Now the company might immediately convert the Bitcoin holdings into a national fiat currency, which in the case of El Salvador is the U.S. dollar. But what happens if there’s a sharp drop in value?
Under accounting rules, cryptocurrencies are considered intangible assets. A company records the value on its balance sheet at acquisition. But should there be an impairment—like a significant drop in value—the losses are written down on the balance sheet. But, as audit, advisory, and tax firm BDO International and other accounting firms have noted, currently those losses aren’t reversible. If the price eventually climbs back, the value is then that low point, until the company sells the asset.
A company like Tesla, which acquired a significant holding of Bitcoin, might be forced to write down the value as it held the assets during the recent plunge.
While El Salvador has welcomed the use of Bitcoin, at least, other countries with a greater impact on international finance have pushed back on cryptocurrency, either directly or indirectly through responses to exchanges.

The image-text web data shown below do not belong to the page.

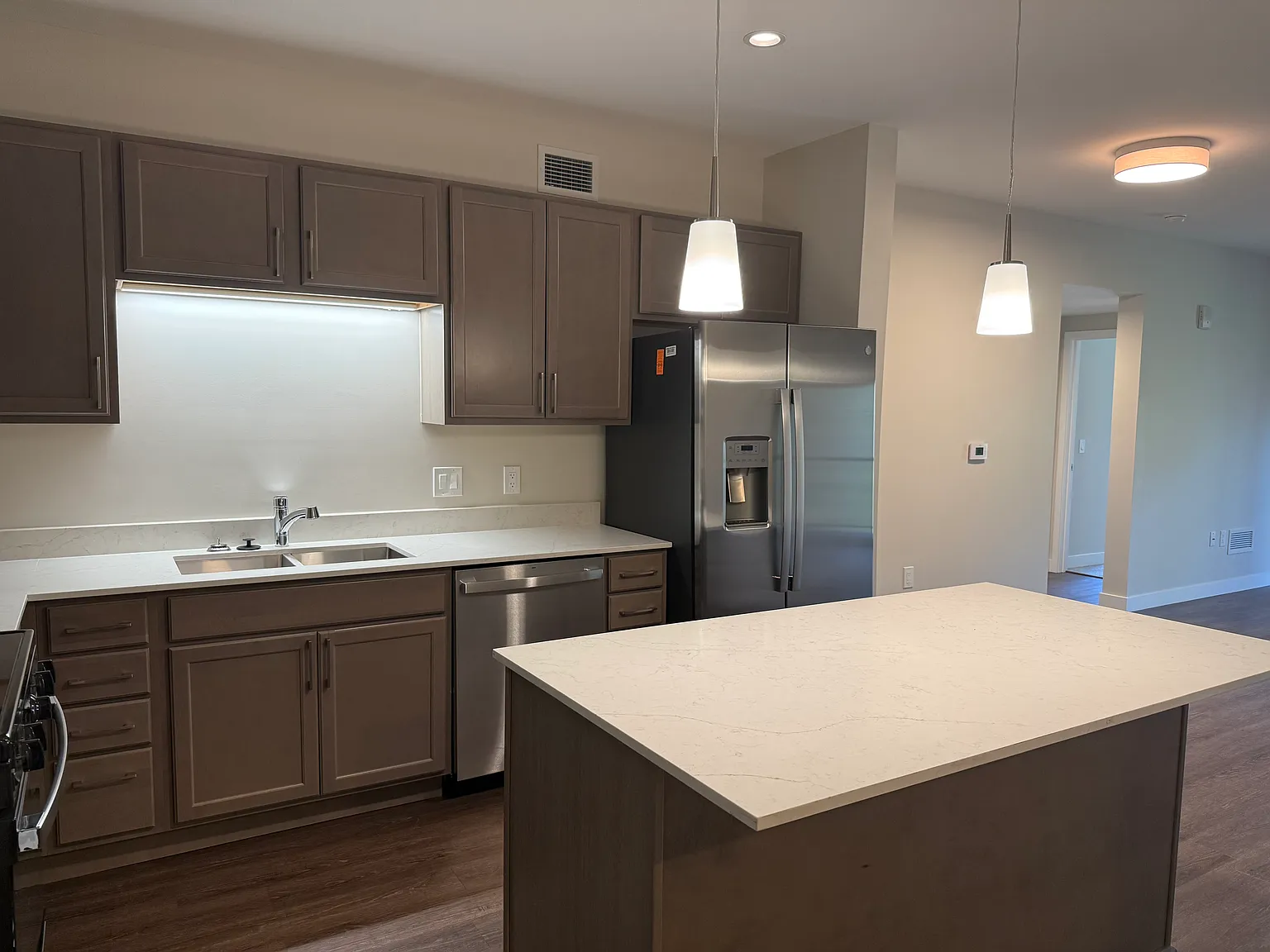 3 bed, 1323 sqft, $2,997 — Photo 2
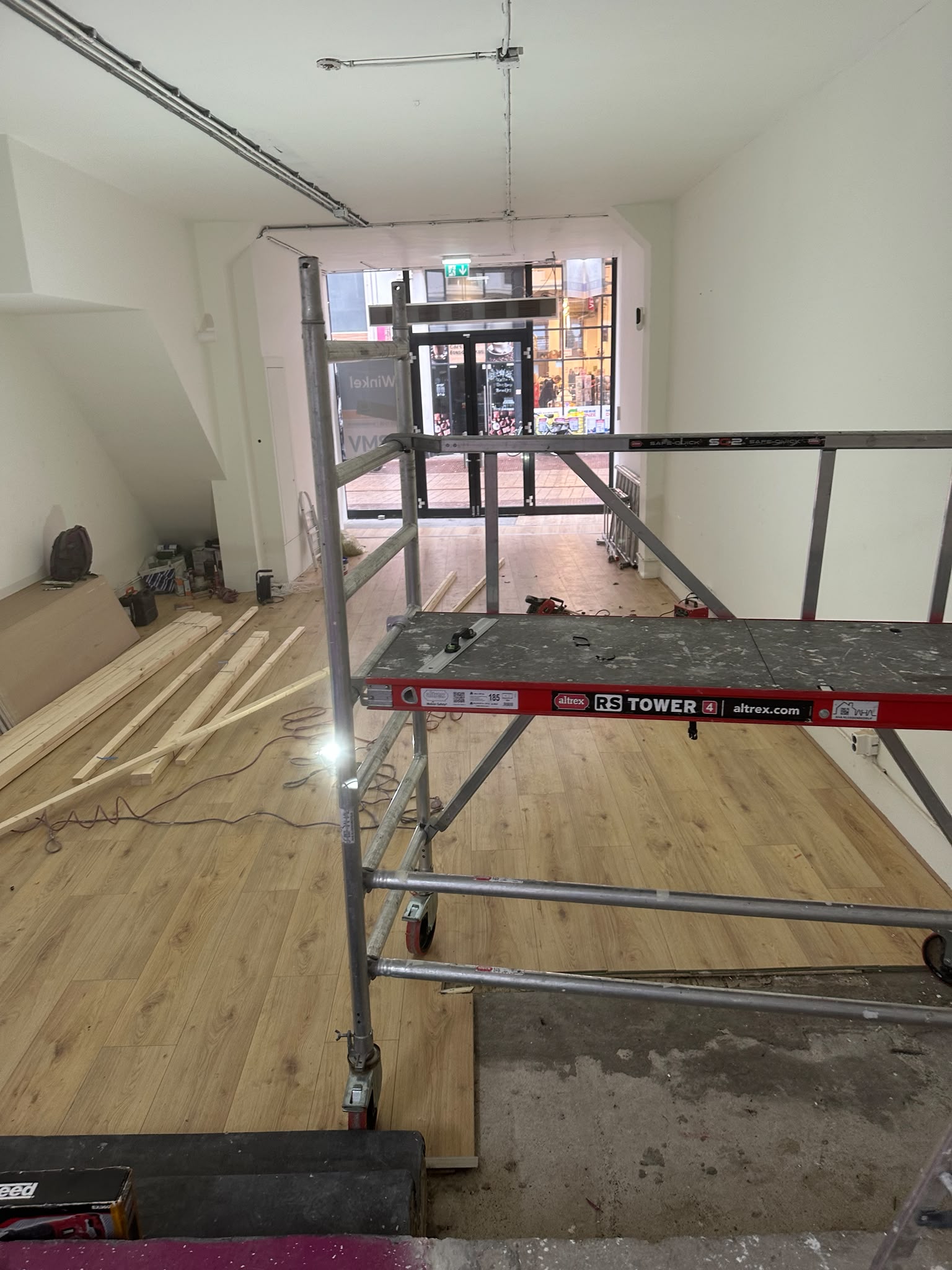 Stuc- en schilderwerk winkelpand - Arnhem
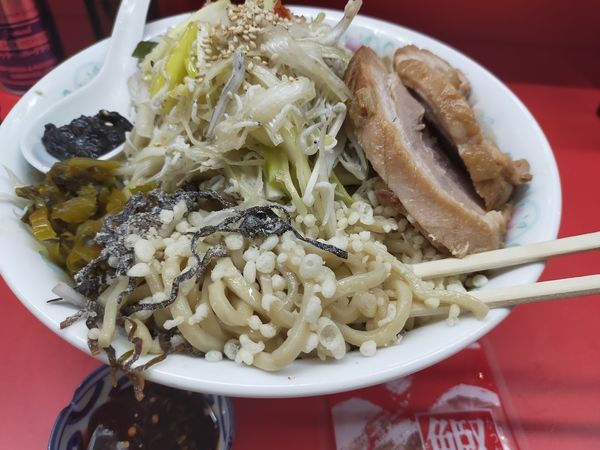 「冷生タマゴそば・麺増し600（大蒜・脂・唐辛子・鰹節・醤油）」@ハナイロモ麺 吉祥寺本店の写真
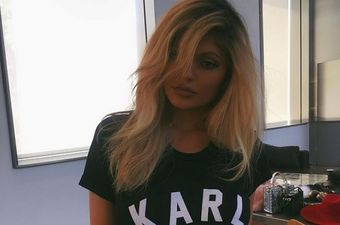 Perfect Kylie Jenner’s Lipstick Look With This Make-Up Hack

Binance, the largest crypto exchange in volume, has been getting the cold shoulder. Japan’s Financial Services Agency warned the company on June 25, 2021, that it was not registered to do business in the country, as it also did back in 2018. The UK’s Financial Conduct Authority on June 26 gave the company’s subsidiary in the region a warning not to engage in “regulated activities.”

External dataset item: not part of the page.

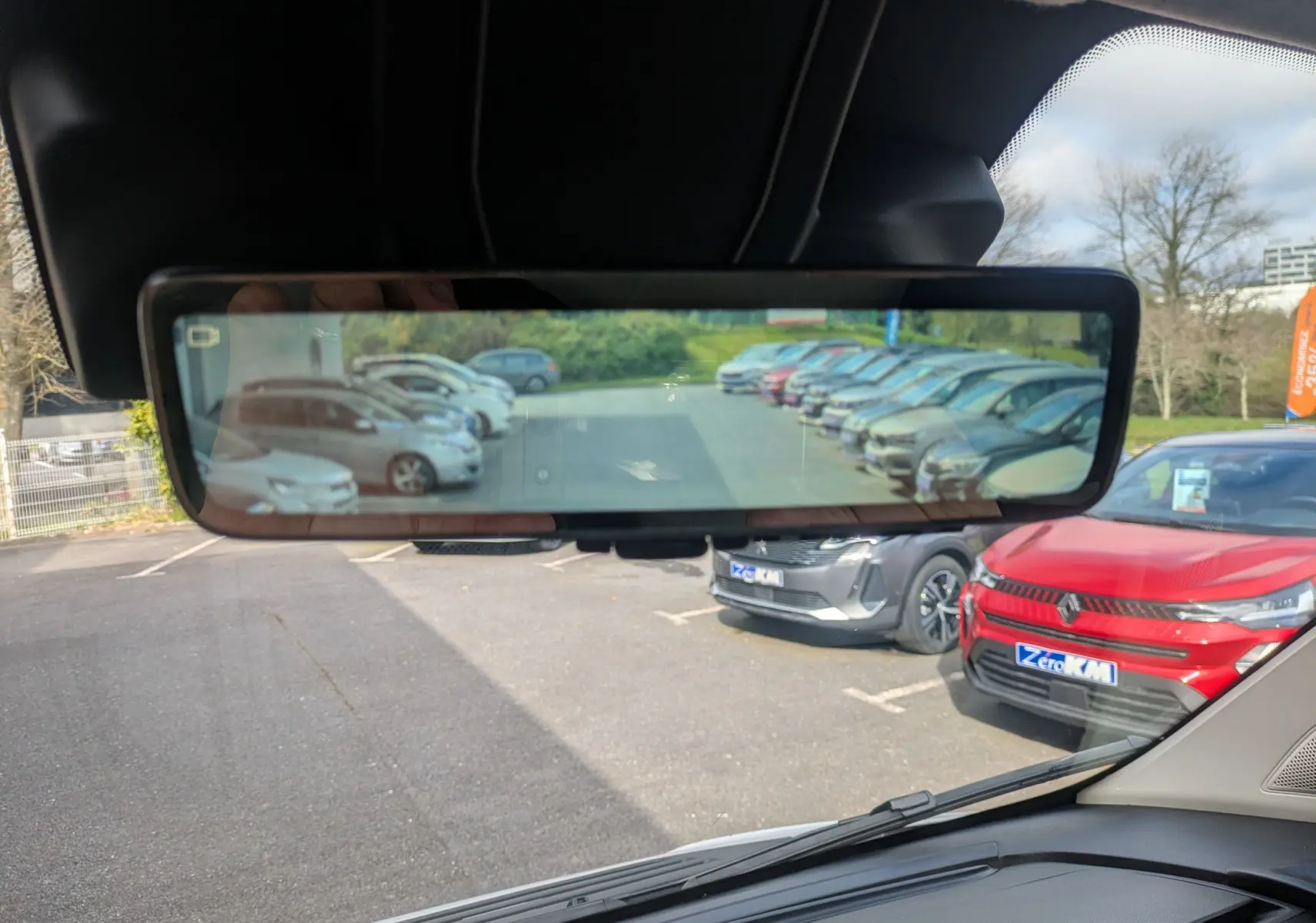 Rétroviseur intérieur numérique du Peugeot Boxer Fourgon blanc, vue sur parking avec plusieurs véhicules alignés.
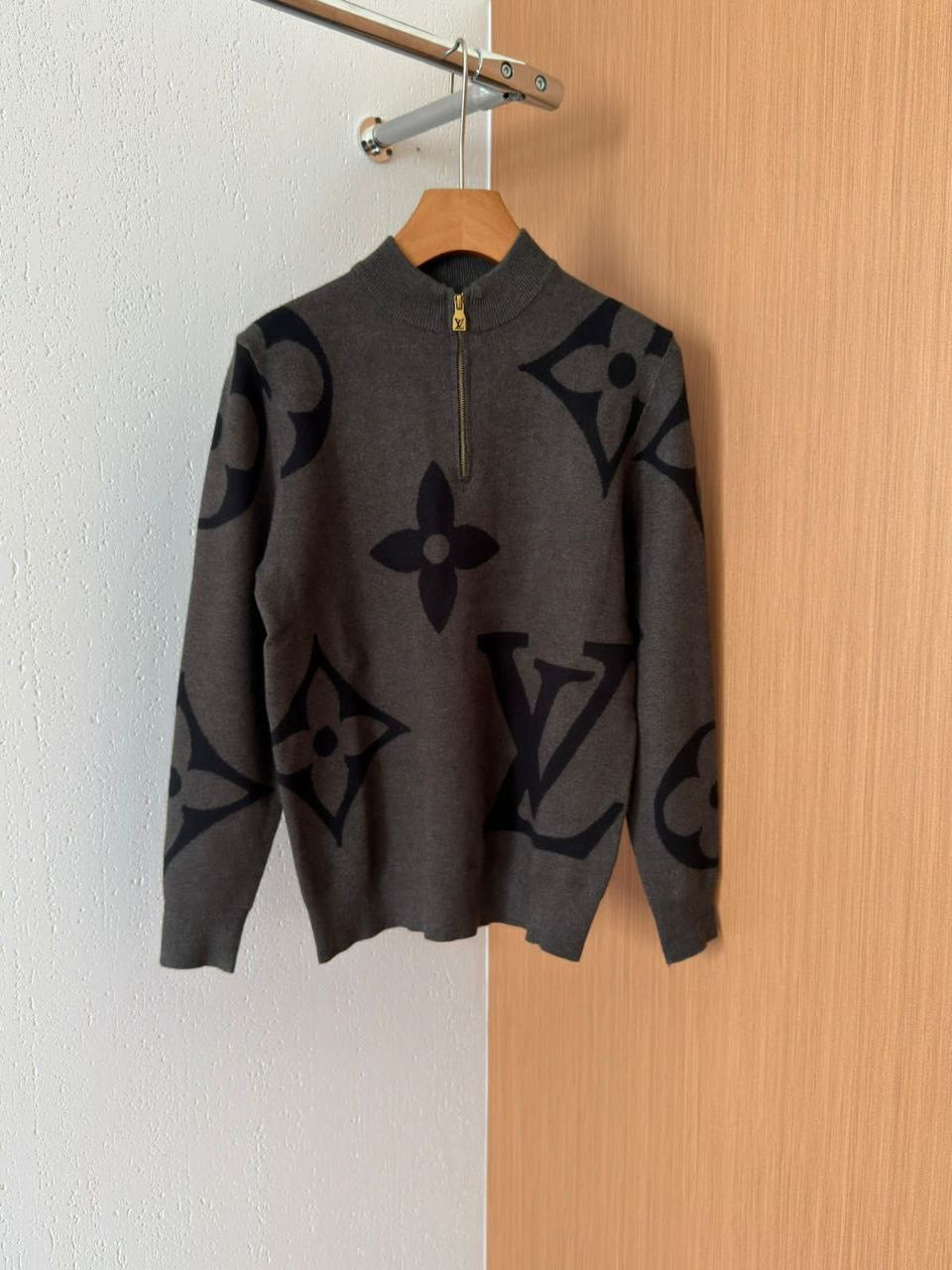 Louis Vuitton Sweater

There are other exchanges, but such warnings to a large player indicates that the regulatory path is not yet a smooth one. How can you act in compliance when regulations are in development and still unknown?
“You don’t,” says Felix Shipkevich, an attorney specializing in fintech and digital currencies and principal at Shipkevich Attorneys at Law. “Messy is a good word, but I think murky may be a better word. It’s like we’re trying to get 20-20 vision but we’re not there yet.”
Banks, for example, would be allowed to hold cryptocurrency assets under the proposed Basel rule. But the details would make it practically difficult, with reserve requirements that would mean roughly one actual dollar set aside for every dollar of Bitcoin value.
The regulation helps foster a chicken-and-egg problem. “Until we see [major banks] allow their customers to hold crypto, there’s always going to be that regulatory ambiguity,” Shipkevich says.
Companies also need to know that their crypto assets are secure, meaning they need to understand the digital wallets that hold them. “If those crypto assets are not secured, if they’re in an unregulated entity, how do we know if one day it won’t be in their wallet?” Thefts have happened multiple times in cryptocurrencies.
Beyond a basic level of security is the need to understand the so-called smart contracts that can be attached to cryptocurrency transactions and undertake actions depending on events and conditions.
The company should ensure that the contract is a public one. But the contracts are programs. They need to be public with “the original, hopefully-commented source code is able to be examined by anyone,” says James Cropcho, co-founder and CTO of Flipkick, which offers certain crypto services to artists. “Literally, there are smart contracts where you have no clue what the code is.”
When the code is there, someone must be able to read it, which means getting help. But there’s another problematic aspect, Cropcho notes. “In the smart contract arena there is no judiciary and there are no courts,” he says. “It would take a Herculean effort to understate just how big of a difference this turns out to be in practice. This is why auditors must play a big role, even if, honestly, the track record with this framework has been less than lackluster.”
Companies have made many millions of dollars through cryptocurrencies. But some have lost tremendous amounts as well. Any executives with their eyes on the financial prize had better glance down occasionally to avoid the mud pits.